Los fineses Brother Firetribe vuelven a la carga con su quinto álbum de estudio "Feel the Burn", el primero desde la marcha de Emppu Vuorinen para centrarse a tiempo completo en Nightwish. Y del cual ya habían dado a conocer tres temas de adelanto "Rock in the City", "Nightdrive" y "Chariot of fire".

No esperes encontrar aquí nada que no sea Hard Rock, AOR y altas dosis de sintetizadores ochenteros, pero sí que se detecta un cierto cambio o evolución hacia un sonido tal vez más cercanos en ocasiones al pop. Y hablando de sintetizadores el disco se abre con una rafaga de los mismos en "I salute you" unidos a la gran voz de Pekka Ansio Heino, crean un tema de lo más pegadizo.

"Arianne" tiene unos coros un tanto repetitivos pero con el característico sonido de la banda, un tema super alegre que incita a saltar y bailar.

A partir de aquí es cuanto más se nota ese ligero cambio ya que "Night Drive" tiene un toque de synth pop y pocas guitarras.

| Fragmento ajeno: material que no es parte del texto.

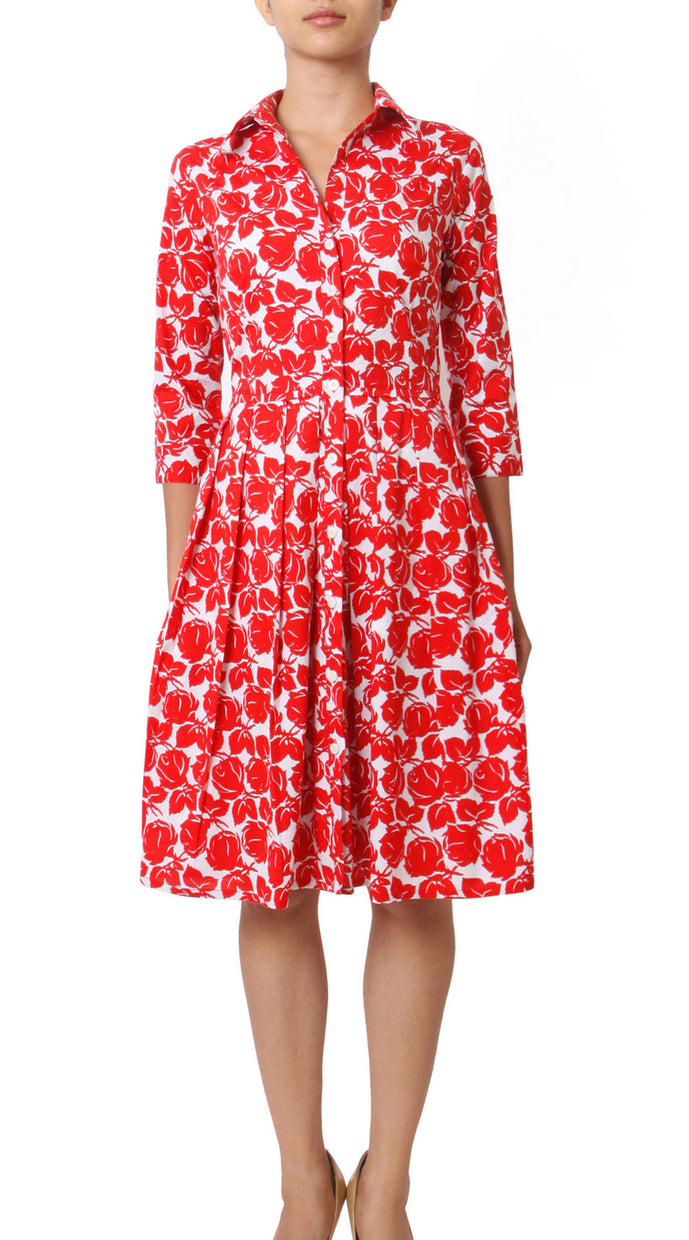 3/4 Sleeve | Corfu Rose | White Indian Red | Front | Shirt Dress By Samantha Sung
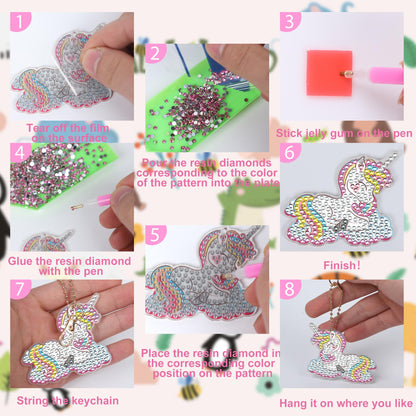 Augisteen 15 PCS Diamond Painting Keychains Animal Diamond Art Ornaments Double Side Diamonds Key Rings DIY 5D Art Pedants for Beginners Birthday Crafting Home Party Decor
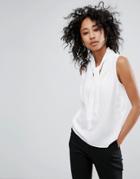 Vila Sleeveless Top With Tie Front - White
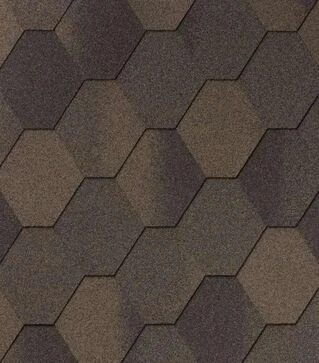 Бітумна черепиця Superglass Hex (27), Dual Brown Ultra, 3 м&sup2; (289514)
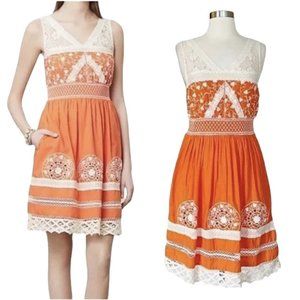 Moulinette Soeurs Anthropologie orange crochet dress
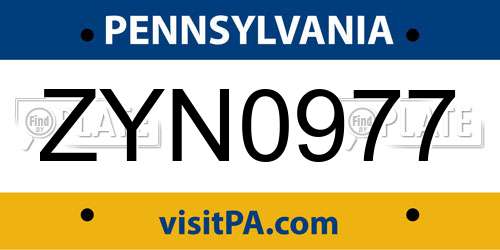 ZYN0977 Pennsylvania License Plate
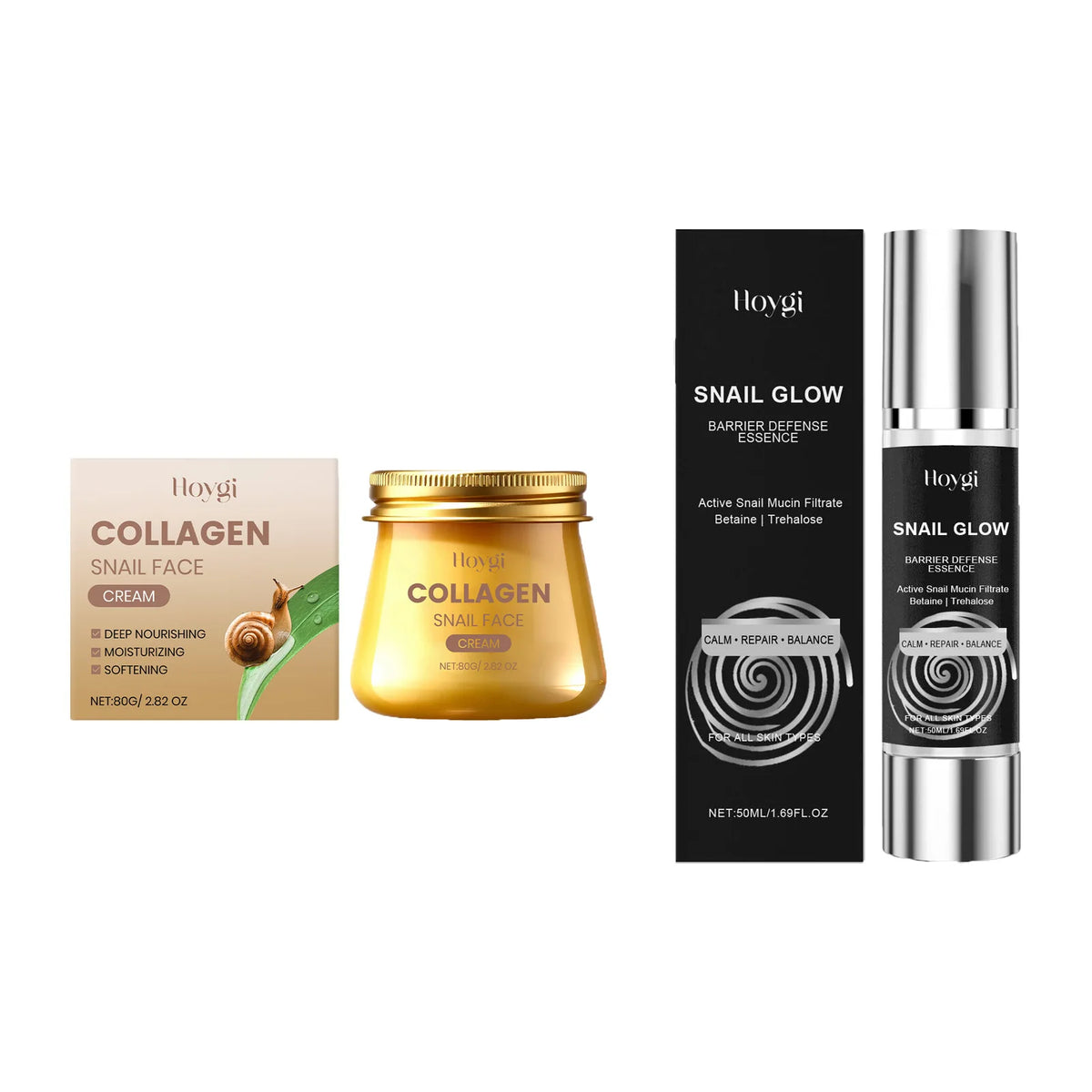 Snail mucin skincare set hydrating anti-aging complete routine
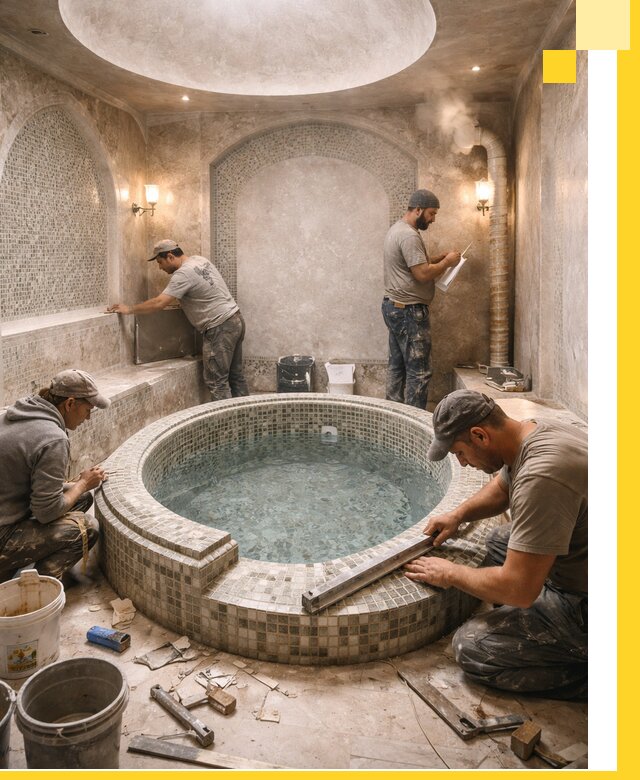 Профессиональное строительство хамама с бассейном в Зеленодольске под ключ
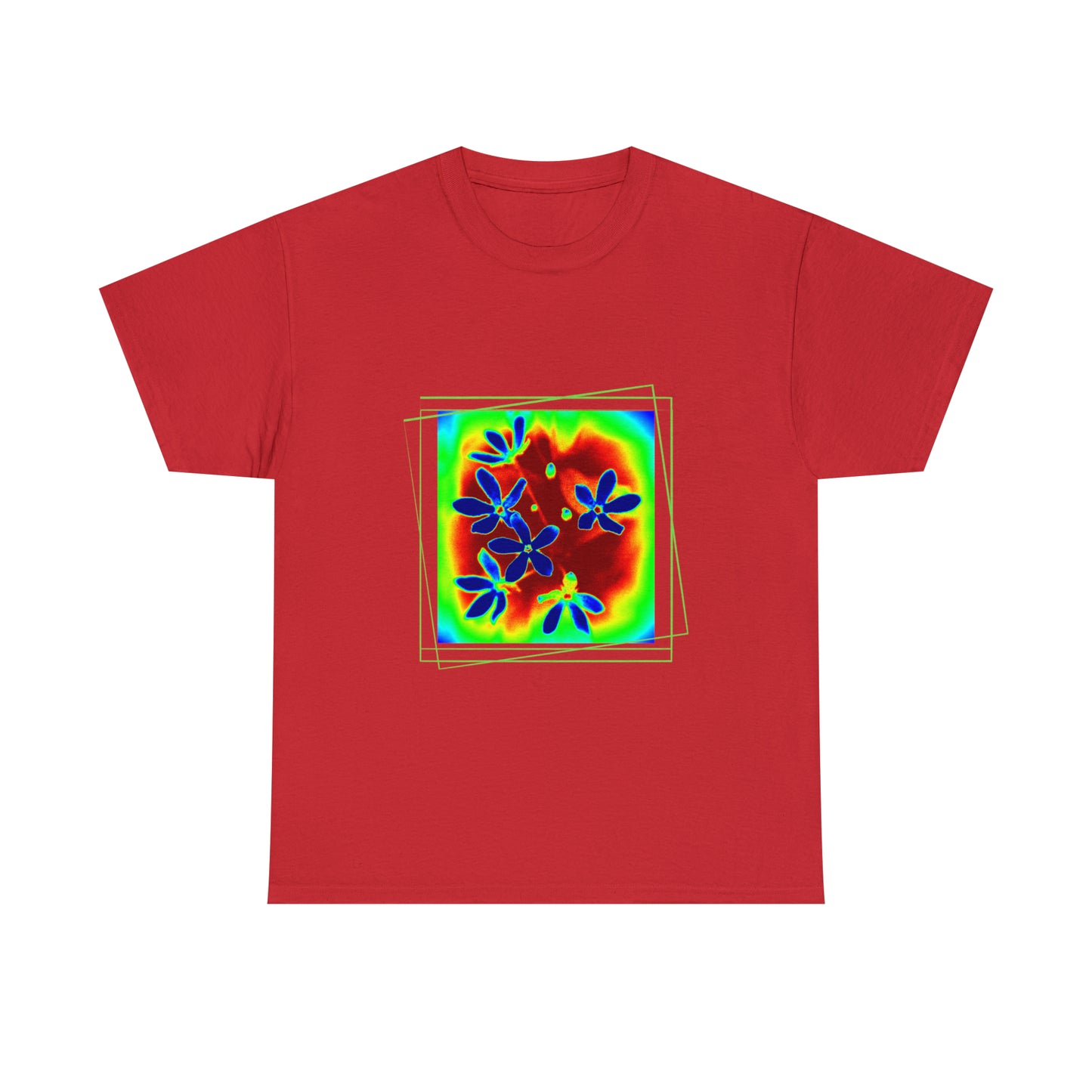 Unisex Cotton Tee, psychedelic flower design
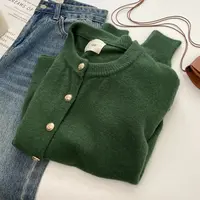 6033复古温柔小金扣软糯日韩系休闲百搭针织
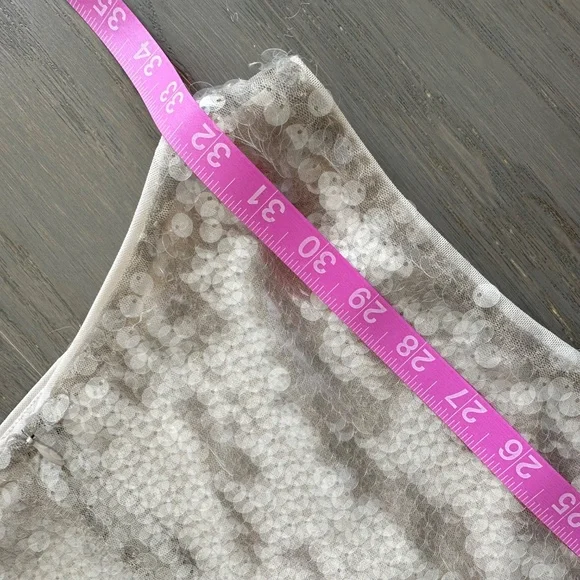 Staud Eton Mini Dress Moon Tan Sequin Embellished - Size Large - Picture 14 of 14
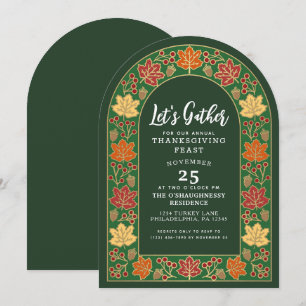 Invitación Arco de hojas de otoño de bellota de cena de Acció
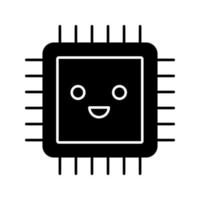 Smiling processor glyph icon. Well working microprocessor. Chip, microchip, chipset in good quality. CPU. Central processing unit. Integrated circuit. Silhouette symbol. Vector isolated illustration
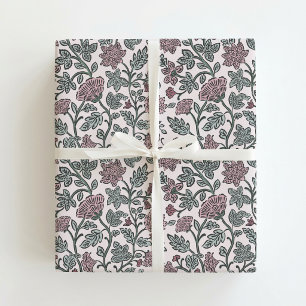 Papel de embrulho com impressão floral rosa e verd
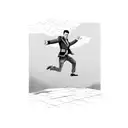 jumping man changing to the flying bird tattoo design idea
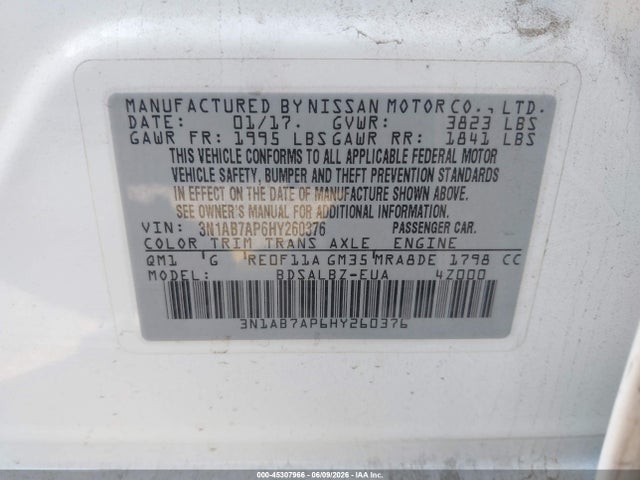 3N1AB7AP6HY260376 Nissan SENTRA S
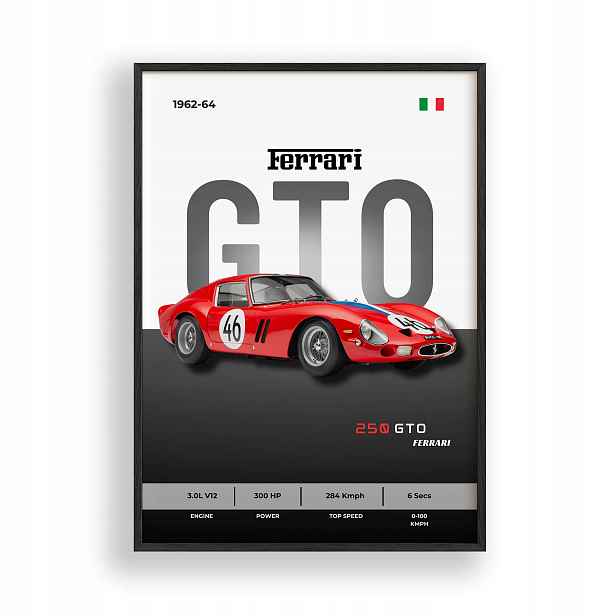 Obraz Auto Ferrari 250 Gto Plakát Rámeček Dřevěný Černý 30x42 cm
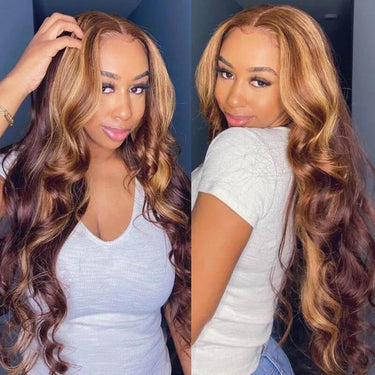 Megalook Fashion Highlight Piano #4/27 Body/Straight 4x4 13x4 Lace Closure Wig Transparent Lace | Special Offer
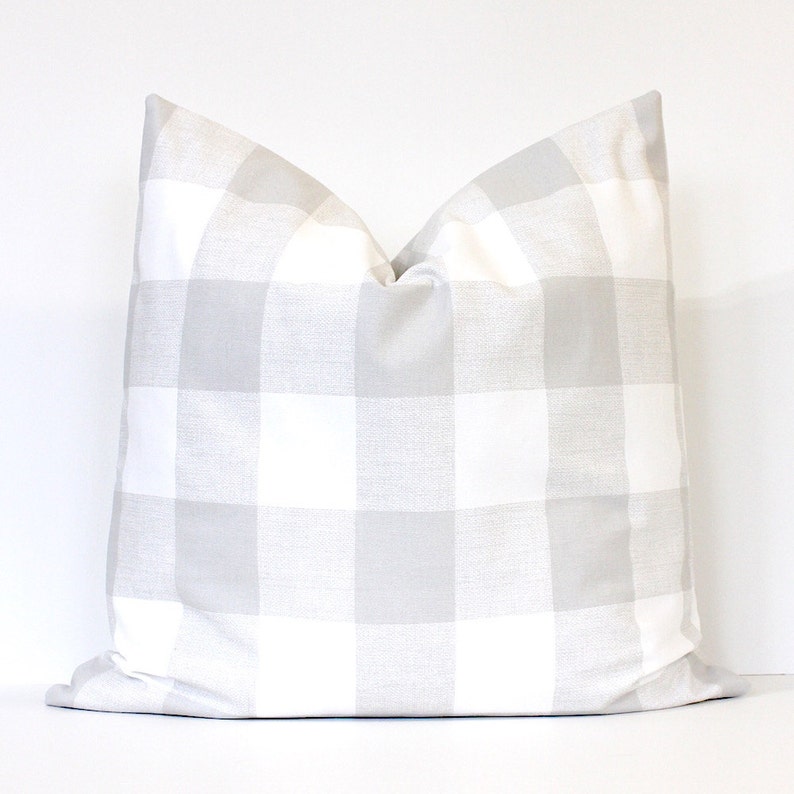 French Gray Check Designer Pillow Cover Accent cushion tartan Etsy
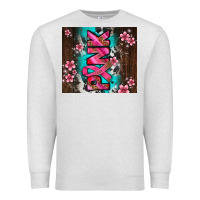 Oatmeal Heather western pattern pink with floral cancer ribbon Premium Sweatshirt - AdoDesignShop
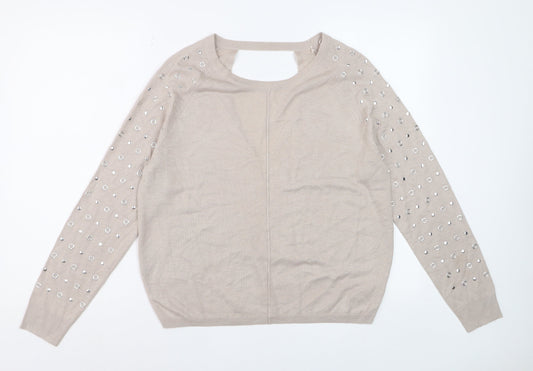 George Women’s Beige Studded Long Sleeve Pullover Jumper Size 14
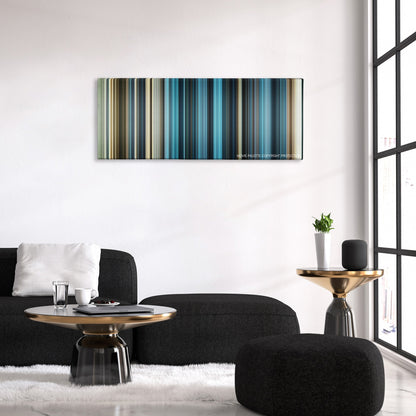 Killer Elite color palette canvas above a black sofa with a gold-topped table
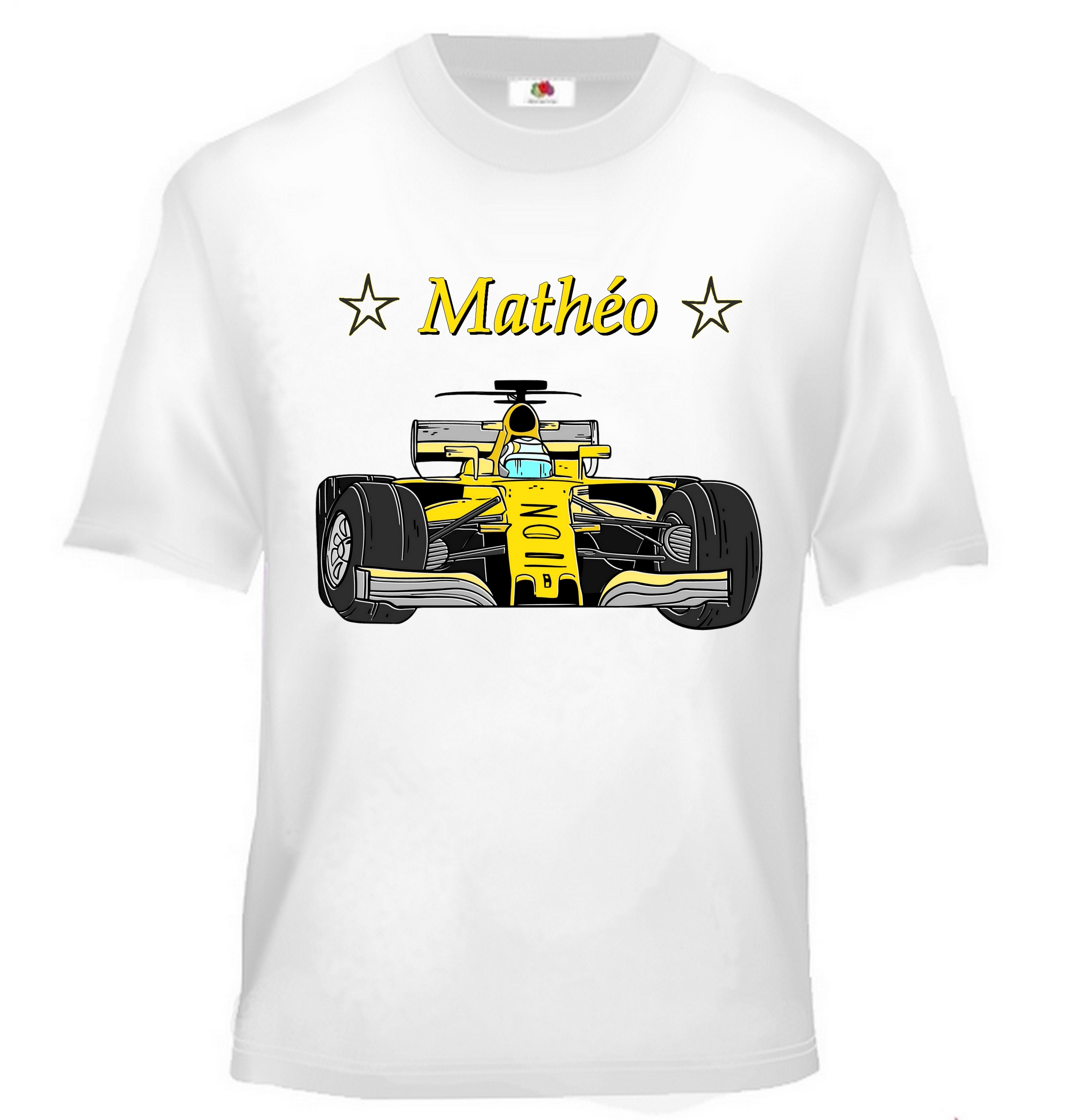 T-shirt enfant Formule 1 personnalisé avec prénom au choix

Al igual que "Chariot of fire" con un ritmo pop y letra ultra cursi que puede recordar a alguno de los nuevos temas de sus compatriotas Reckless Love.

"Bring on the Rain" es otro tema bailable nivel discoteca de Benidorm. Pero para mí uno de los mejores del disco. Por el contrario "Love is a beautiful lie" es un medio tiempo con arreglos orquestales .

"Thinking Away" y su tic-tac, es un tema con todas las características de esta banda coreable, bailable, alegre, con una gran voz y sus omnipresentes sintetizadores. Al igual que "Battle Ground" aunque esta última tiene un sonido más "tecno" sin dejar de lado las guitarras.

"Candle in the windowcombina un coro fuerte con sintetizadores tal vez demasiado poperos.

El tema final "Rock in the City" es todo un pelotazo fiestero, que te dejan con ganas de irte a bailar. Una gran manera de finalizar el álbum.

No es para nada un mal disco, más bien al contrario es pedazo de disco dentro del rock melódico contemporáneo. Con una calidad de sonido espectacular. Grandes voces, coros y estribillos que incitan a pegar saltos sin parar. Pero supongo que en este caso lo de "no es por tí, es por mí" es totalmente cierto. Tal vez yo no esté en una onda que me apetezca este tipo de sonido tan asociado a los directos y la fiesta de un viernes noche. Y el escucharlo en casa con el "modo chándal" no es lo más adecuado para este tipo de discos tan alegres y optimistas. Tendré que volver a darle un intento más adelante.